小澤 フィールドにひとりだけ表示するとなると、シームレスにバトルに突入したとき、残りの仲間たちが現れる瞬間を描かなければならない。でも、どうしても、その瞬間を自然な形で表現できないと思ったんです。やっぱり、選んだパーティーメンバーがいっしょに移動するべきだろうと。ただ、3Dモデルのデキがいいということは、それだけ容量が大きいということなので、開発スタッフからはずっと「無理です、(表示する仲間の)数を減らしましょう」と言われていました。

――それでも譲らなかったと。

小澤 「いや、無理じゃないよ」とずーっと言い続けて(笑)、ついに実現させました。

澤田 その小澤のこだわりが、すごくいい結果につながりましたね。RPGらしい冒険感が出たと思います。バトルに突入する前も、終わった後も、ロードが入らないので、本当に気持ちがいいです。遊んでくださった方にも、その点は高く評価していただけて、うれしいですね。

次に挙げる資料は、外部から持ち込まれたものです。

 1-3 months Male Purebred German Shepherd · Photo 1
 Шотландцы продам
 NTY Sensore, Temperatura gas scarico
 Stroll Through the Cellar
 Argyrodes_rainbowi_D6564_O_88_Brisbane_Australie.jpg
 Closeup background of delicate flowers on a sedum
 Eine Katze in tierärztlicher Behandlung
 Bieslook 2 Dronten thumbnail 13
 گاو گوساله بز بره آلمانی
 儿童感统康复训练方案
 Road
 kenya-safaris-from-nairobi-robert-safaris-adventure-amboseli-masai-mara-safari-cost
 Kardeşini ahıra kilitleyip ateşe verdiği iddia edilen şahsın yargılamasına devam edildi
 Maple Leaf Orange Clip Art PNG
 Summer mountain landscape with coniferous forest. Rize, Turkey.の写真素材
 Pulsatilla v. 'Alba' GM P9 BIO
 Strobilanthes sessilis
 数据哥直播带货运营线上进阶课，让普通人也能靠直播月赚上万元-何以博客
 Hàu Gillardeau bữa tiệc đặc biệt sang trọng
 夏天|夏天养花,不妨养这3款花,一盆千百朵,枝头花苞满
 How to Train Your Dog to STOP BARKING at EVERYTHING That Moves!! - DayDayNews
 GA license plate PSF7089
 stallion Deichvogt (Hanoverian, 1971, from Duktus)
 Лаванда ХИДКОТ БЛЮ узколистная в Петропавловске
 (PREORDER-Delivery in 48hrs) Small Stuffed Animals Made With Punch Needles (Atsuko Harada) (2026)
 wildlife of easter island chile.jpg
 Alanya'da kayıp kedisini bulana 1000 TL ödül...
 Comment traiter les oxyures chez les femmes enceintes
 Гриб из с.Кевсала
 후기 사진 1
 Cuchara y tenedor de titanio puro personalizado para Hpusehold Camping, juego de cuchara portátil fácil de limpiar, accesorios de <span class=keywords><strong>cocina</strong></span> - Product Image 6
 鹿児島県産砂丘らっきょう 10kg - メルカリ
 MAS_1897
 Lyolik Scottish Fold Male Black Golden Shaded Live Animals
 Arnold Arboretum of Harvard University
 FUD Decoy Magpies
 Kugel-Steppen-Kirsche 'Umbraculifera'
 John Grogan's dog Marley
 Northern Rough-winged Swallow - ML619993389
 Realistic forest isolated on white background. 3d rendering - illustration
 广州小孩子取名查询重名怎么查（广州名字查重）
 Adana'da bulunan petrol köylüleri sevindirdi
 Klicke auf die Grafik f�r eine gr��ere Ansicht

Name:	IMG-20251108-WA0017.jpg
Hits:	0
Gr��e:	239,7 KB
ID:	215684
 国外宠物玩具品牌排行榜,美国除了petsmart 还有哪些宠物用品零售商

■アクションが得意な人も、苦手な人も楽しめる幅の広さ

――アクションバトルを採用したのは、どのような理由からですか?

小澤 先ほどお話しした通り、シームレスにバトルに移行することが最初の前提としてありました。流れるようにバトルに入るのならば、そこで急に時間が止まって、コマンド入力式のバトルになるのはおかしいと思い、アクション性のあるバトルシステムを採用しました。ただ、我々が作りたかったのはアクションRPGではなくRPGなので、その線引きについては、最後の最後まで調整しましたね。

澤田 僕はけっこうアクションゲームが好きで、『レゾナンス』を遊んでいると、「ああ、アクションゲーム好きが楽しめるようなバランスになっているな」と感じるんです。でも、アクションが苦手な人も、スキルピースやチューニングの組み合わせをよく考えれば、そんなに反射神経を使わずに遊べるようになっている。その幅の広さがいいですね。

小澤 僕はどちらかというと、アクションが下手なんです。僕が“アクションが苦手な人代表”として調整していった結果が、いまの形なんですね。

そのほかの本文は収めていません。